What you are asked to do
Your response should consist of the entire listing, transcribed exactly, with every image left out.

Input data
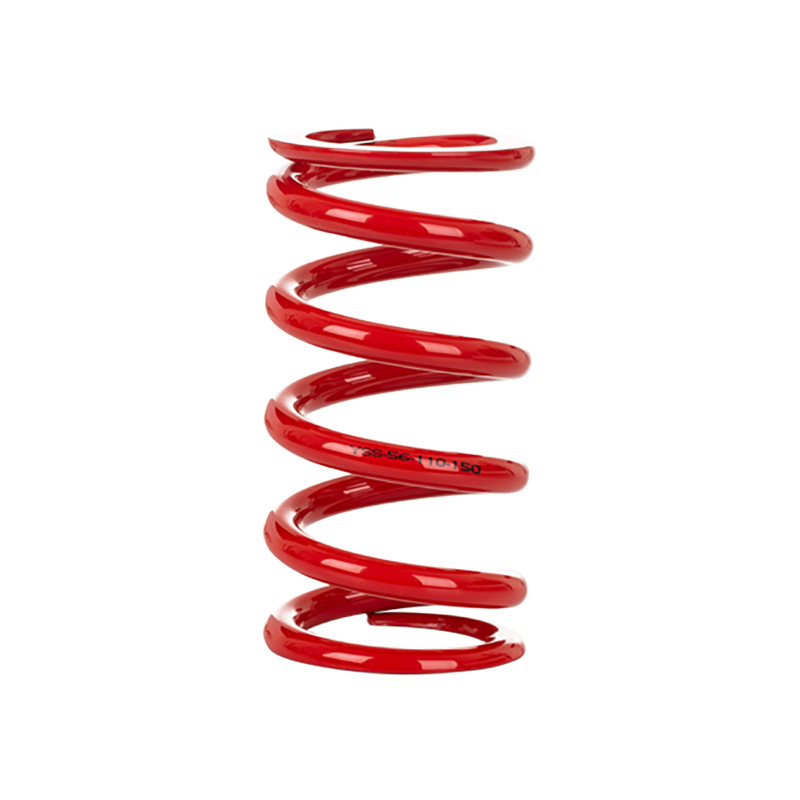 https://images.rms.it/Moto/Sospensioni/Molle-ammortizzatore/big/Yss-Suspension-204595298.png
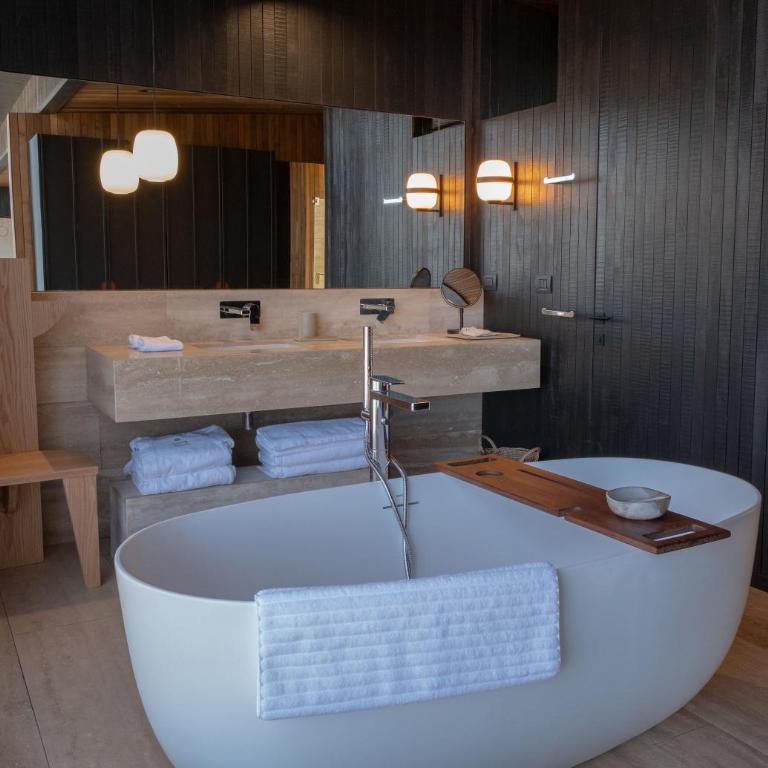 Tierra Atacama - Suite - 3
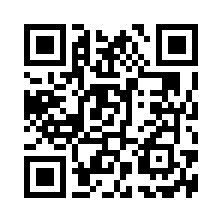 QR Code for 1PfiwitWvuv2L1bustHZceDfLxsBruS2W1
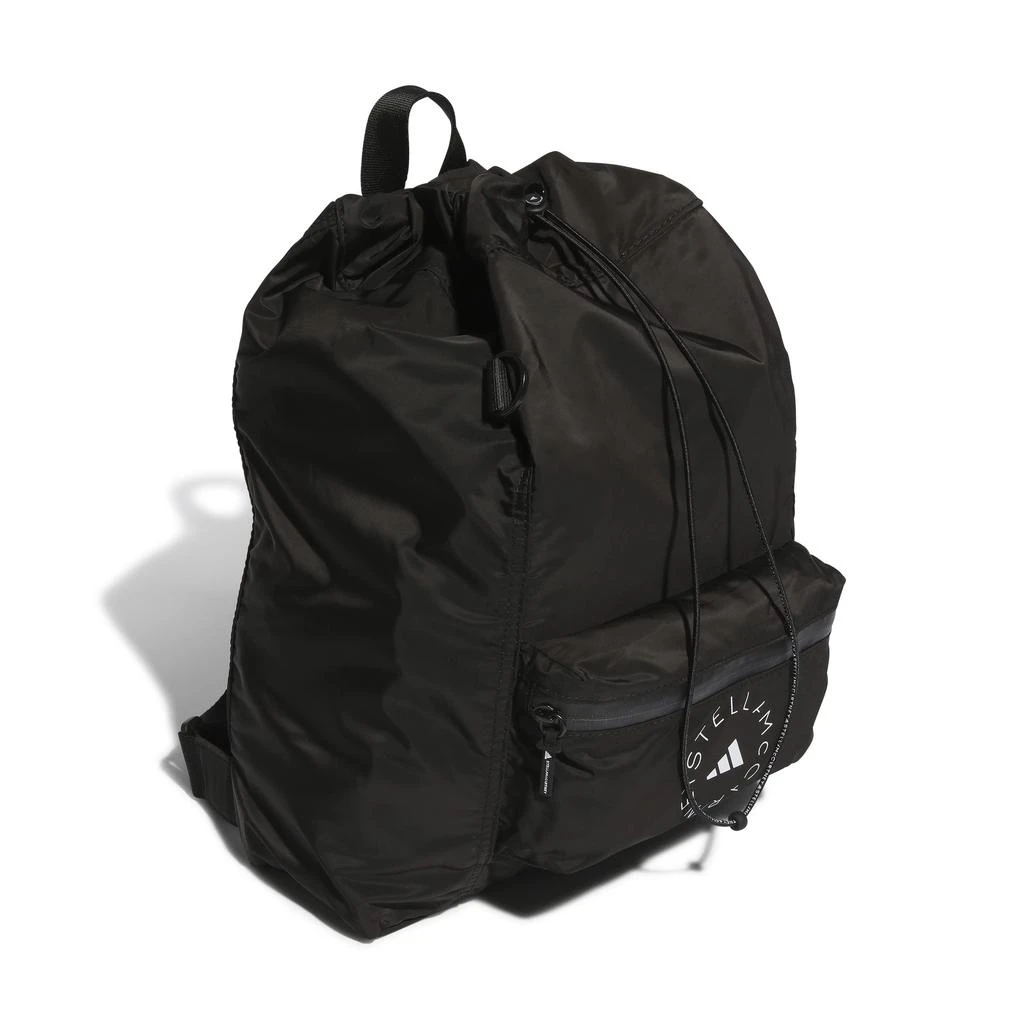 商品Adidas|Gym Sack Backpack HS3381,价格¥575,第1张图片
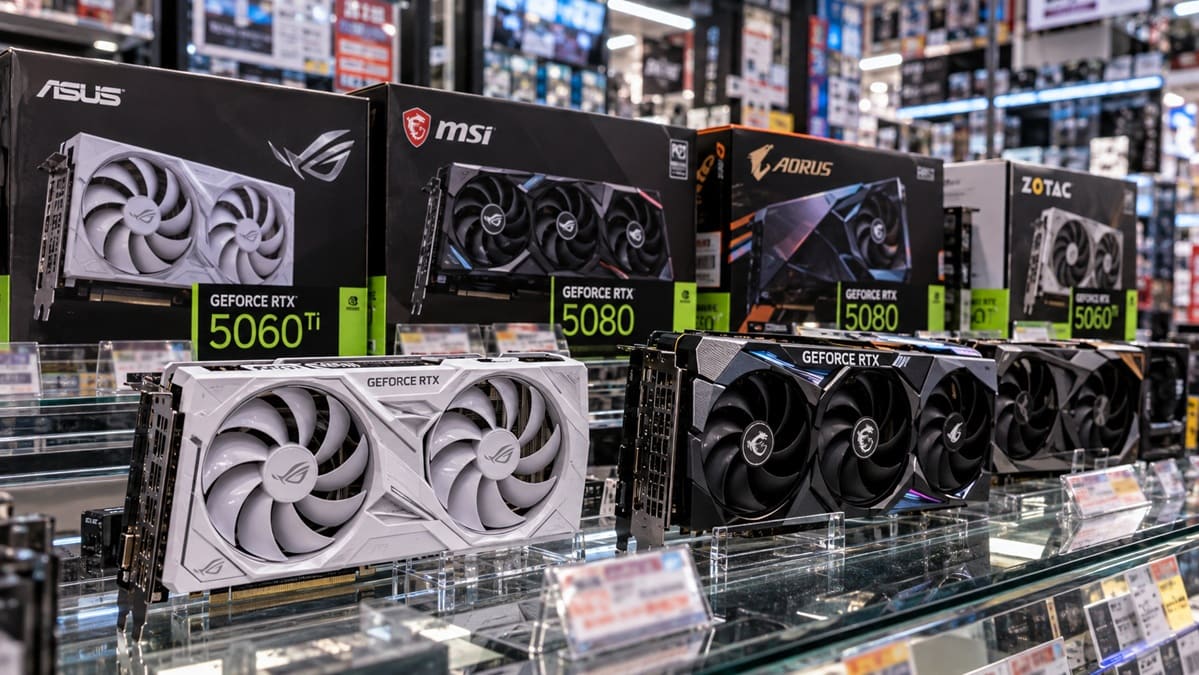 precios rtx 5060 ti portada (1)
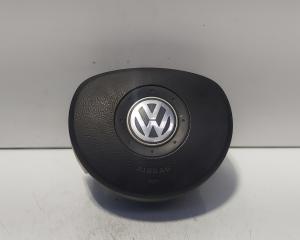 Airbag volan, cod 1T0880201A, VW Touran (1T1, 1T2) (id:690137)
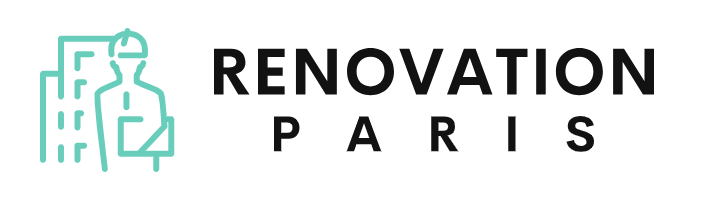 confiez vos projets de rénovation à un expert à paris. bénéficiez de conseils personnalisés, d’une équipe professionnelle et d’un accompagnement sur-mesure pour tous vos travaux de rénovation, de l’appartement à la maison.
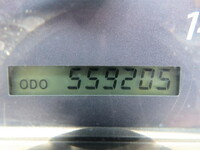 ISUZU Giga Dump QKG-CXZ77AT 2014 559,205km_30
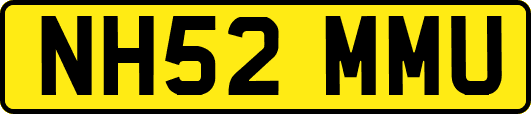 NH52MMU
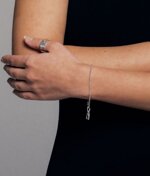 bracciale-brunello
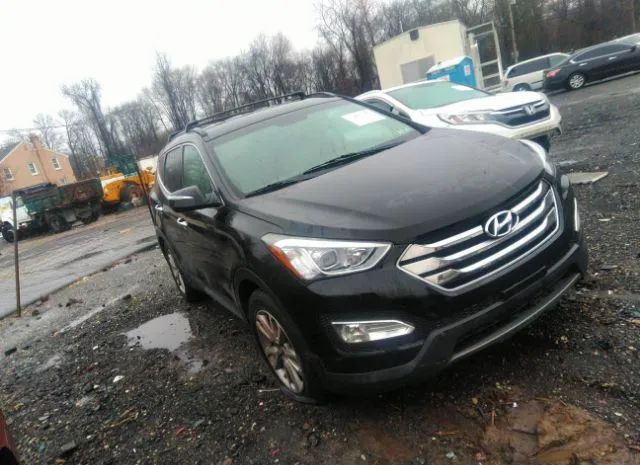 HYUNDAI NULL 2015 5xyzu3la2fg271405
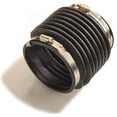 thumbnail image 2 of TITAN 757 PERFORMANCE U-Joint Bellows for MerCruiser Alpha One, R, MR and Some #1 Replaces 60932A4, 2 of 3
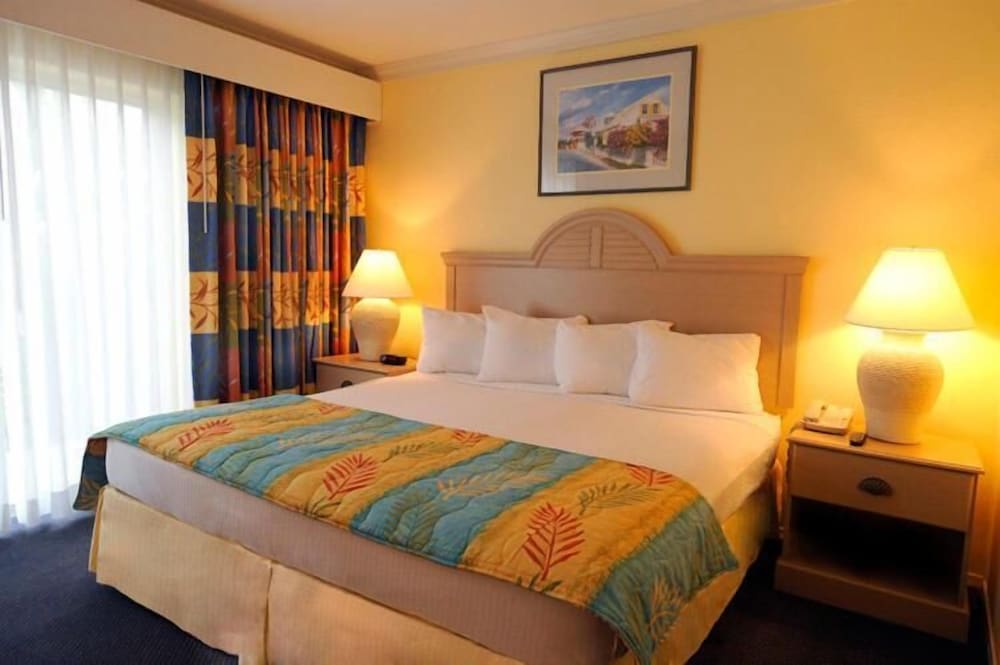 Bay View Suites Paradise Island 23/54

Exercise result
 https://images.rms.it/Moto/Sospensioni/Molle-ammortizzatore/big/Yss-Suspension-204595298.png
 Tierra Atacama - Suite - 3
 QR Code for 1PfiwitWvuv2L1bustHZceDfLxsBruS2W1
 商品Adidas|Gym Sack Backpack HS3381,价格¥575,第1张图片
 precios rtx 5060 ti portada (1)
 Airbag volan, cod 1T0880201A, VW Touran (1T1, 1T2) (id:690137)
 confiez vos projets de rénovation à un expert à paris. bénéficiez de conseils personnalisés, d’une équipe professionnelle et d’un accompagnement sur-mesure pour tous vos travaux de rénovation, de l’appartement à la maison.
 ISUZU Giga Dump QKG-CXZ77AT 2014 559,205km_30
 NH52MMU
 bracciale-brunello
 HYUNDAI NULL 2015 5xyzu3la2fg271405
 thumbnail image 2 of TITAN 757 PERFORMANCE U-Joint Bellows for MerCruiser Alpha One, R, MR and Some #1 Replaces 60932A4, 2 of 3
 Bay View Suites Paradise Island 23/54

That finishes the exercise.